In the meantime i added two other tickets on security and performance improvements of Python SSL support, to make it really complete and comparable to Apache/Dovecot/PHP in terms of configuration and capability:

Python SSL stack doesn't support ordering of Ciphers
http://bugs.python.org/issue13635

Python SSL stack doesn't support Compression configuration
http://bugs.python.org/issue13634

[pitrou]

Here is a patch adding the load_dh_params method on SSL contexts, and the OP_SINGLE_DH_USE option flag.

[meadori]

Per the Red Hat problems in bpo-13627 I just tried this patch on Fedora 16. Everything built just fine. However, the patch doesn't apply cleanly to tip an longer:

[meadori@motherbrain cpython]$ patch -p1 < ../patches/dh.patch
patching file Doc/library/ssl.rst
Hunk #2 succeeded at 715 (offset 27 lines).
patching file Lib/ssl.py
Hunk #1 succeeded at 68 with fuzz 2.
patching file Lib/test/dh512.pem
patching file Lib/test/ssl_servers.py
Hunk #1 succeeded at 180 (offset 1 line).
Hunk #2 succeeded at 194 (offset 1 line).
patching file Lib/test/test_ssl.py
Hunk #2 succeeded at 101 with fuzz 2.
Hunk #3 succeeded at 541 (offset 3 lines).
Hunk #4 FAILED at 1200.
Hunk #5 succeeded at 1858 with fuzz 2 (offset 29 lines).
1 out of 5 hunks FAILED -- saving rejects to file Lib/test/test_ssl.py.rej
patching file Modules/_ssl.c
Hunk #1 succeeded at 1922 (offset 20 lines).
Hunk #2 succeeded at 2082 (offset 22 lines).
Hunk #3 succeeded at 2539 with fuzz 2 (offset 24 lines).
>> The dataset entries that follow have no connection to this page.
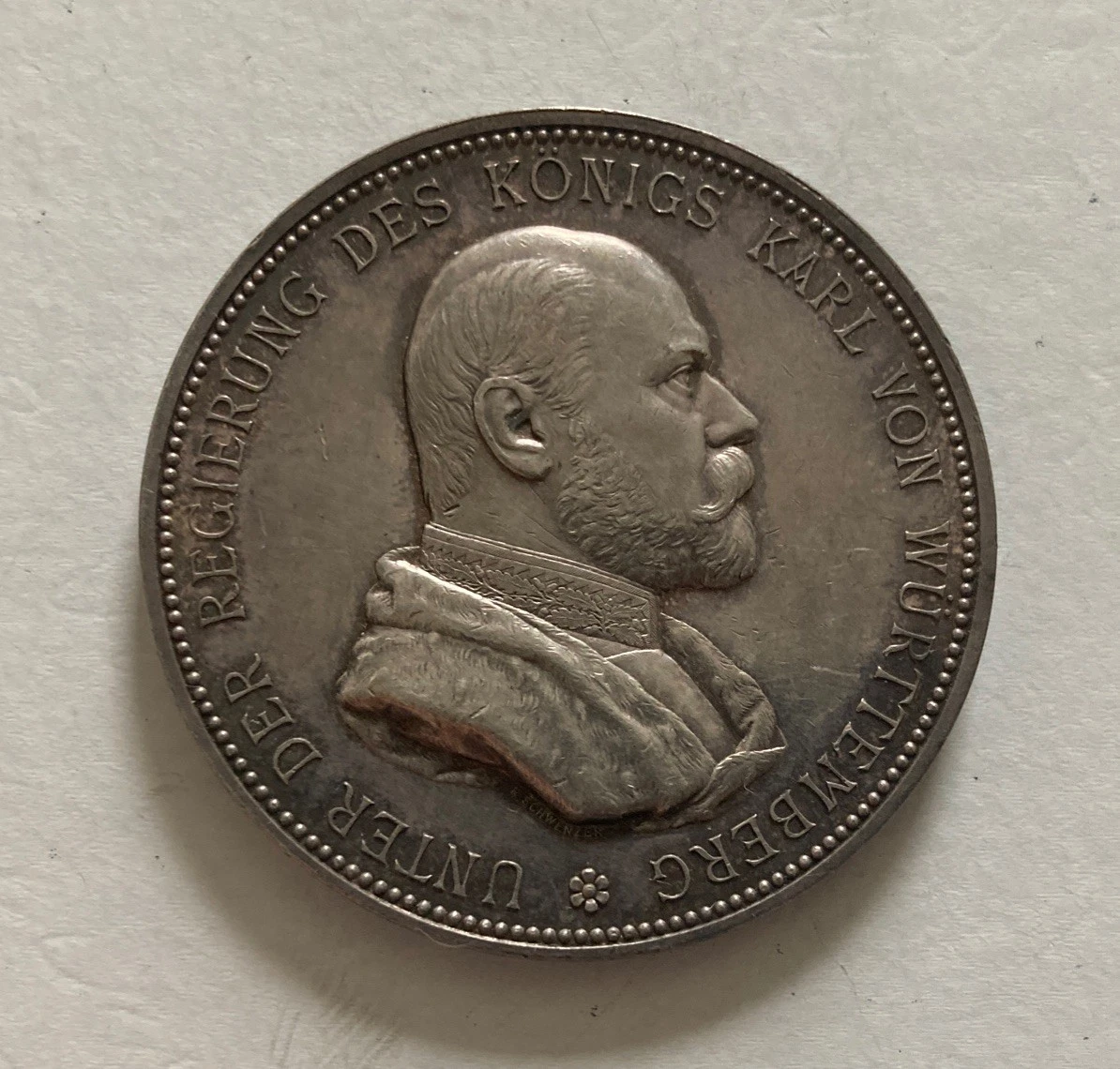 Germany Medal In Numismatic Medals for sale | eBay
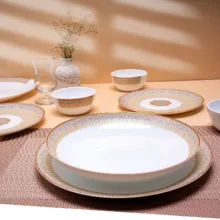 سرویس غذاخوری آرکوپال 26 پارچه 6 نفره وون مدل Kaila-T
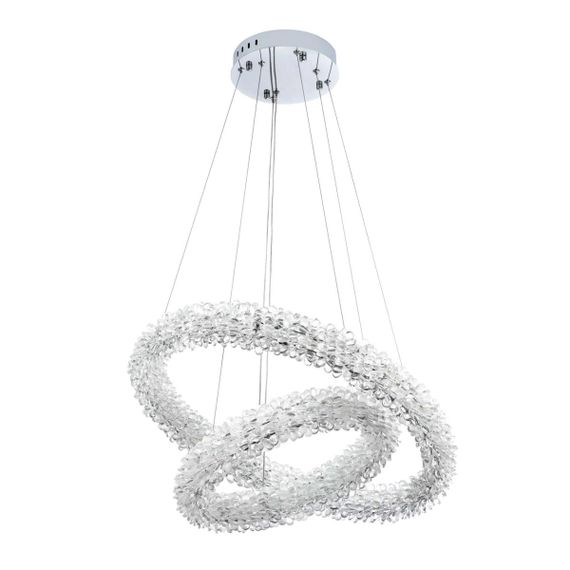 Подвесная светодиодная люстра Modelux Modestyle MS.5002.600.400 CR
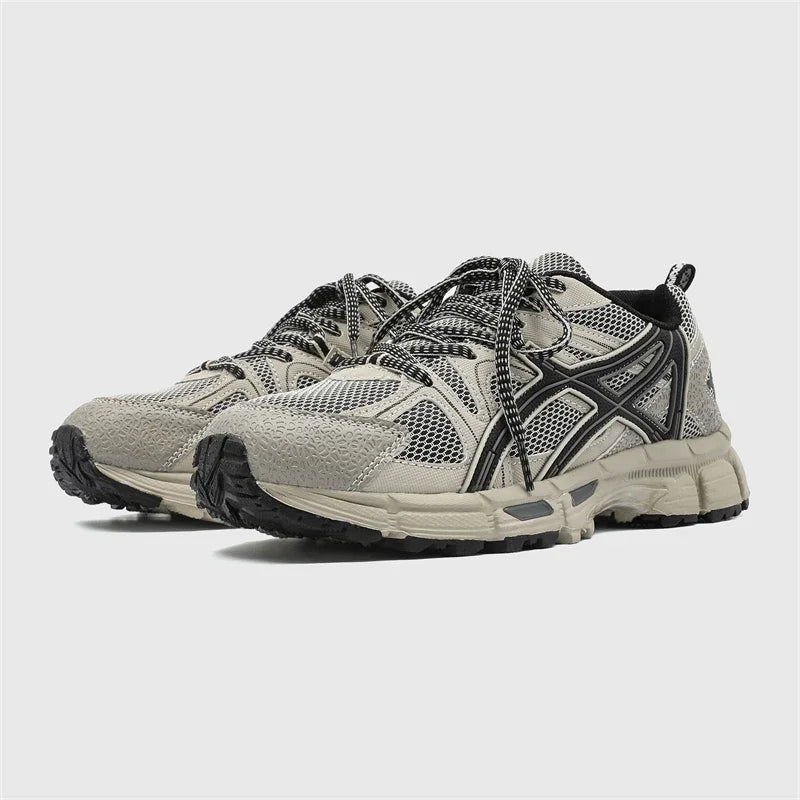 New Men Casual Shoes Outdoor Breathable Running Fashion Walking Leisure Lace-up Jogging Loafers Brand Sneakers Blade Comfortable
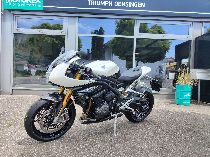 Motorrad kaufen Neufahrzeug TRIUMPH Speed Triple 1200 RR (sport)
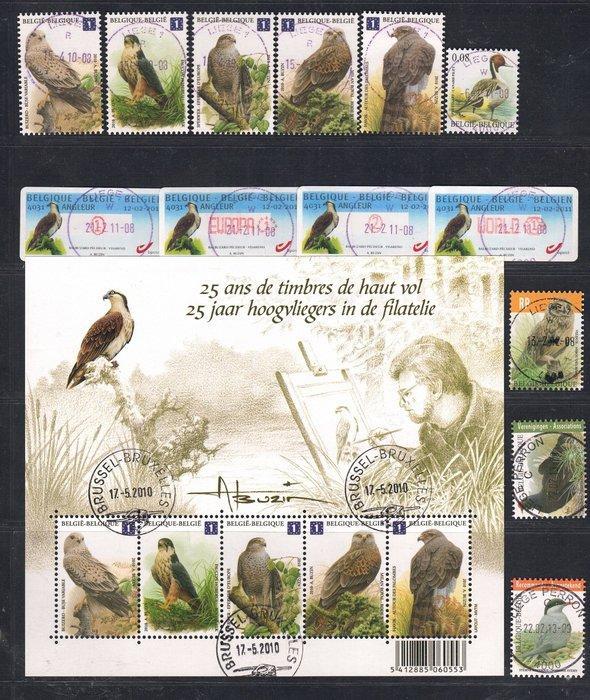 België - Prachtige en zeldzame verzameling van centraal, Postzegels en Munten, Postzegels | Europa | België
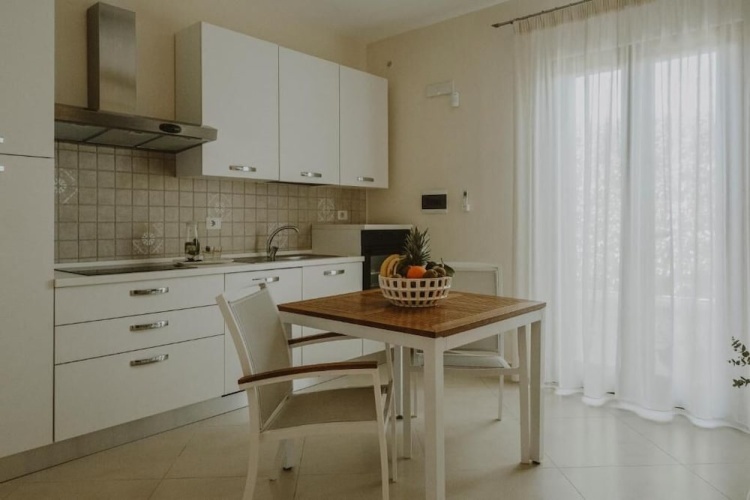 Deluxe Studio with garden view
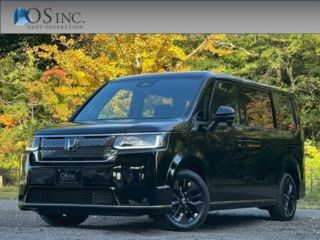 2025 HONDA STEPWAGON e:HEV Spada / Registered, Unused Vehicle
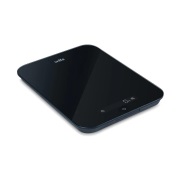 Wilfa Max KS2B-10 keittiövaaka Musta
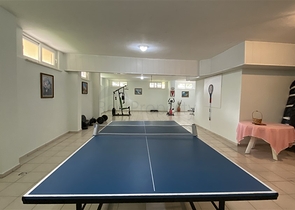 شقة غرفتين وصالة - مفروشة -في مهموتلار/ الانيا 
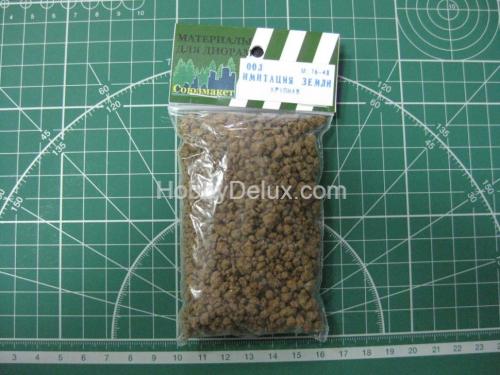 Имитация земли крупная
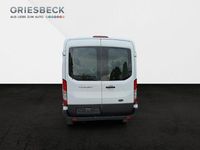 Gebraucht Ford Transit Trend 131 PS (96 kW) 2025 Weiß (frostweiß) Van / Kleinbus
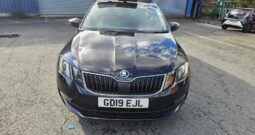 2019 SKODA OCTAVIA 1.0 TSI SE Technology 5dr (GD19 EJL)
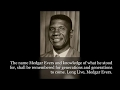 The Historical Significance of Medgar Evers | Presentation by Omaro Johnson (with subtitles)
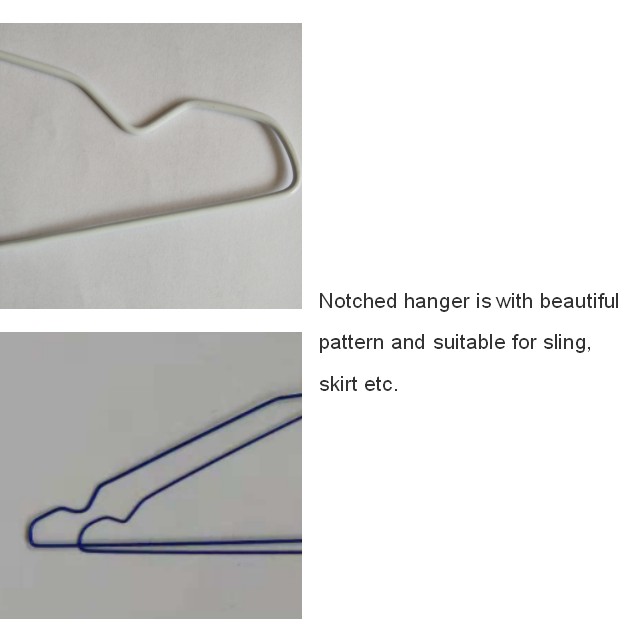 China wholesale 13G wire hangers dry cleaning with good prices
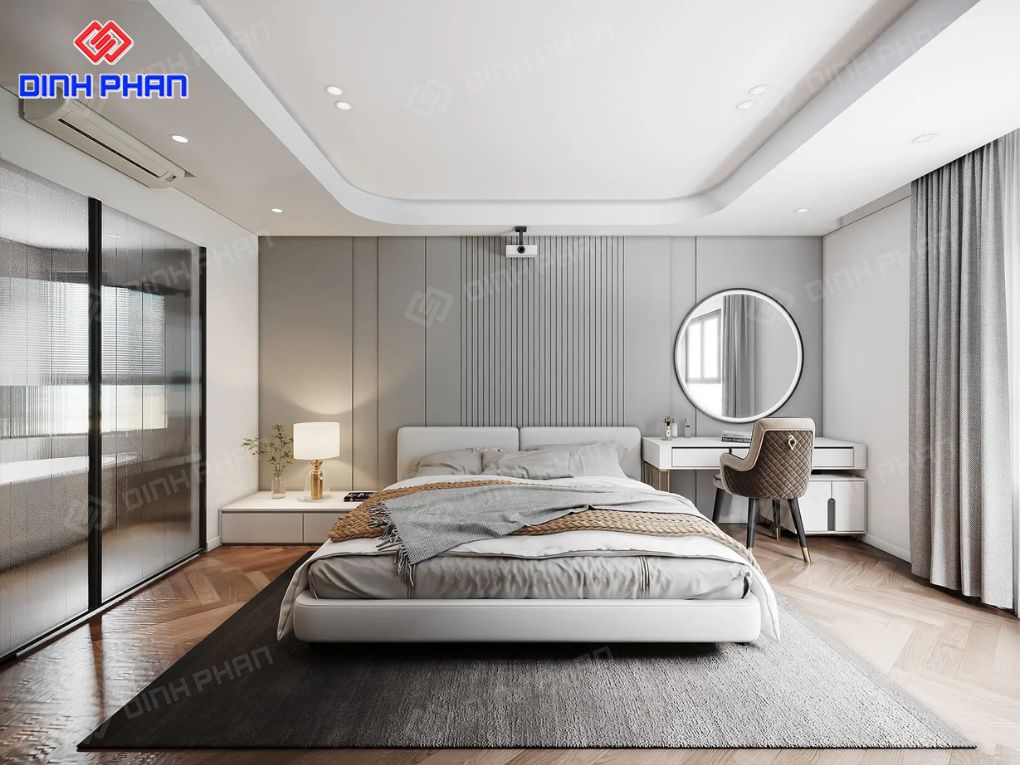 Công ty nội thất nhà phố BMT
After fixing the unit test hunk everything builds and the SSL unit tests pass.

[python-dev]

New changeset 33dea851f918 by Antoine Pitrou in branch 'default':
Issue bpo-13626: Add support for SSL Diffie-Hellman key exchange, through the
http://hg.python.org/cpython/rev/33dea851f918

[pitrou]

Thank you Meador. I've committed an updated patch.